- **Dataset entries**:
______
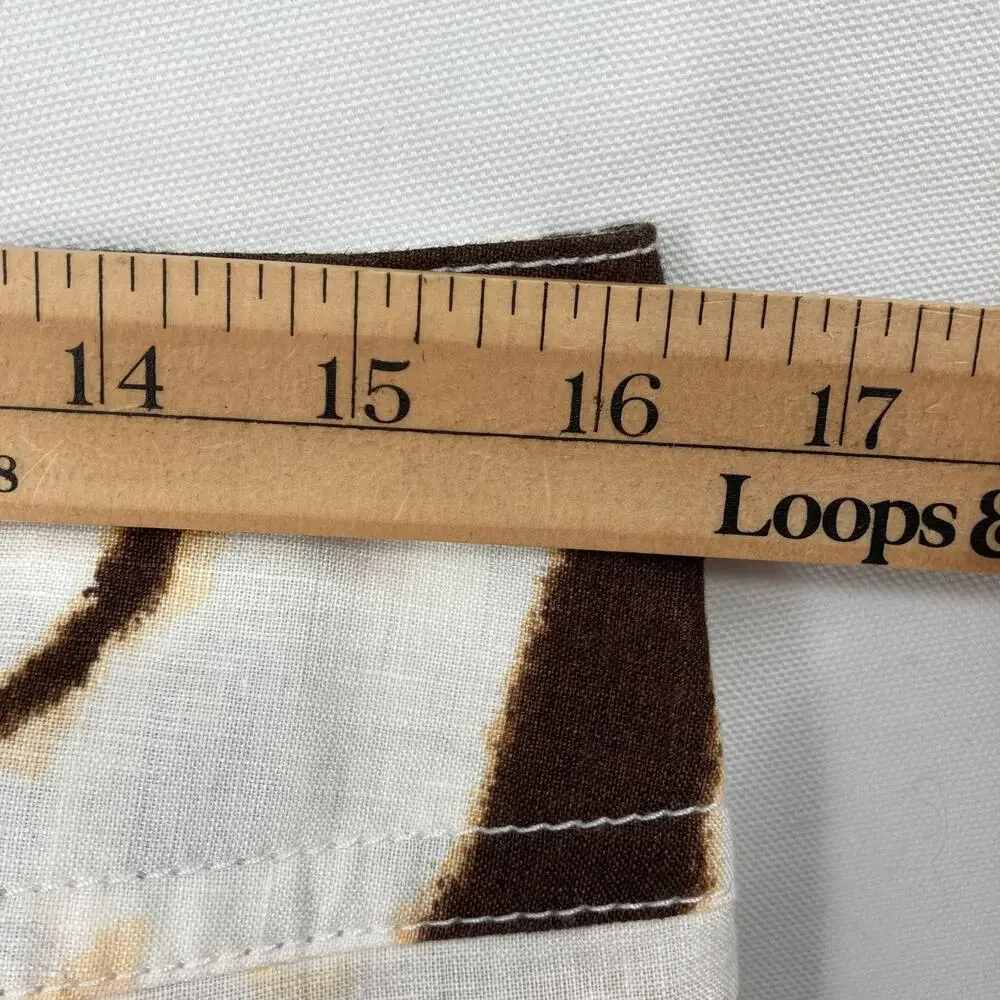 Banana Republic 10 Brown White Animal Print Mini Skirt Linen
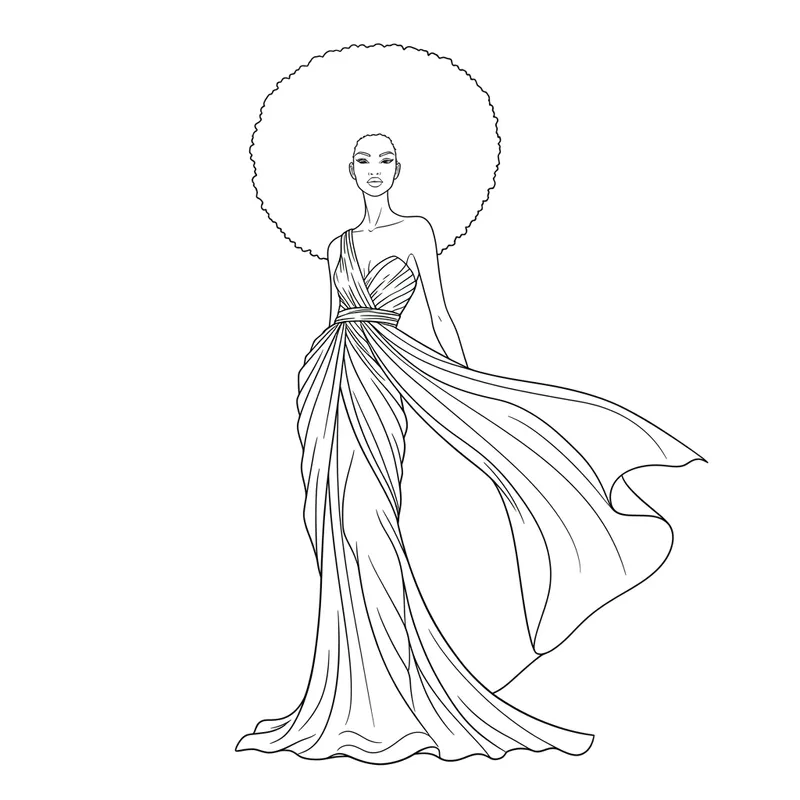 Black & White Fashion Coloring Page for Adults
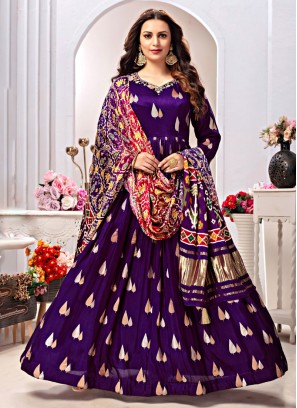 Ethnic Purple Designer Anarkali Dress With Dupatta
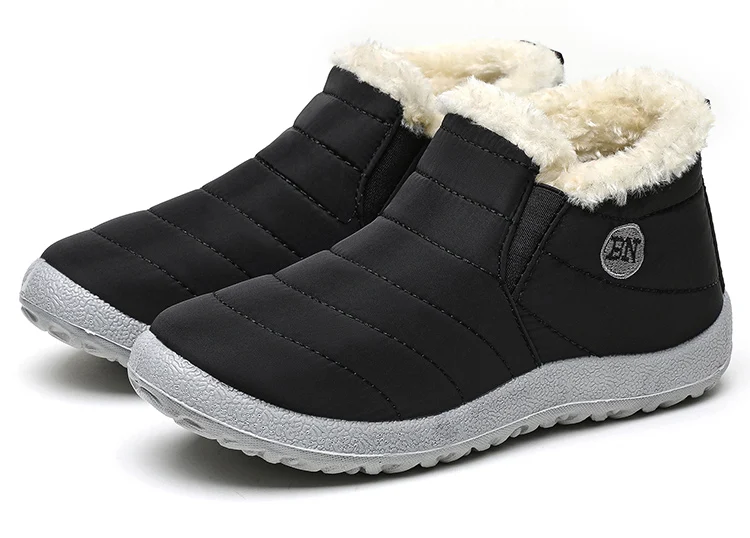 Men's Boots Slip On Winter Shoes For Men Ankle Boots Winter Booties For Men Fur Shoes Waterproof Snow Boots Warm Casual Botas
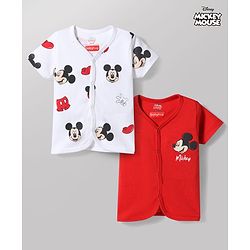 Babyhug Disney Interlock Knit Half Sleeves Jhablas with Mickey Mouse Graphics Pack of 2 - Multicolor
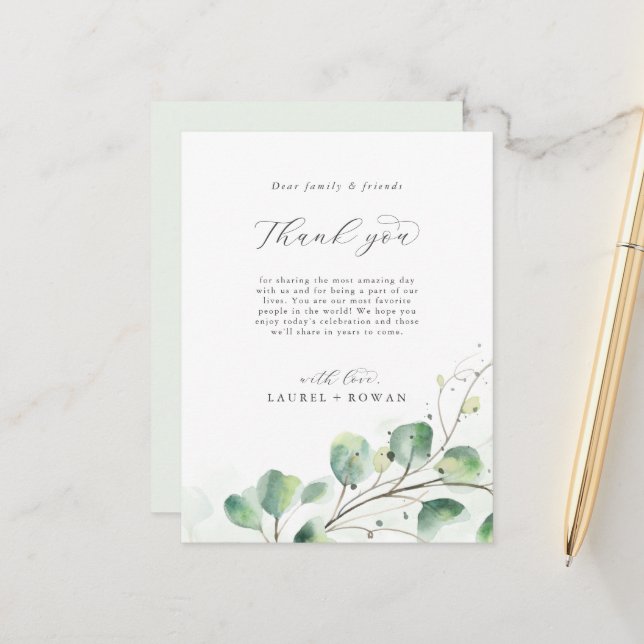 Elegant Greenery Thank You Reception Card (Front/Back In Situ)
______
- **What you have to do**: From the opening line of the entries above to the line containing "Babyhug Disney Interlock", please transcribe each line exactly, skipping every picture.

- **Output for this exercise**:
 Banana Republic 10 Brown White Animal Print Mini Skirt Linen
 Black & White Fashion Coloring Page for Adults
 Ethnic Purple Designer Anarkali Dress With Dupatta
 Men's Boots Slip On Winter Shoes For Men Ankle Boots Winter Booties For Men Fur Shoes Waterproof Snow Boots Warm Casual Botas
 Babyhug Disney Interlock Knit Half Sleeves Jhablas with Mickey Mouse Graphics Pack of 2 - Multicolor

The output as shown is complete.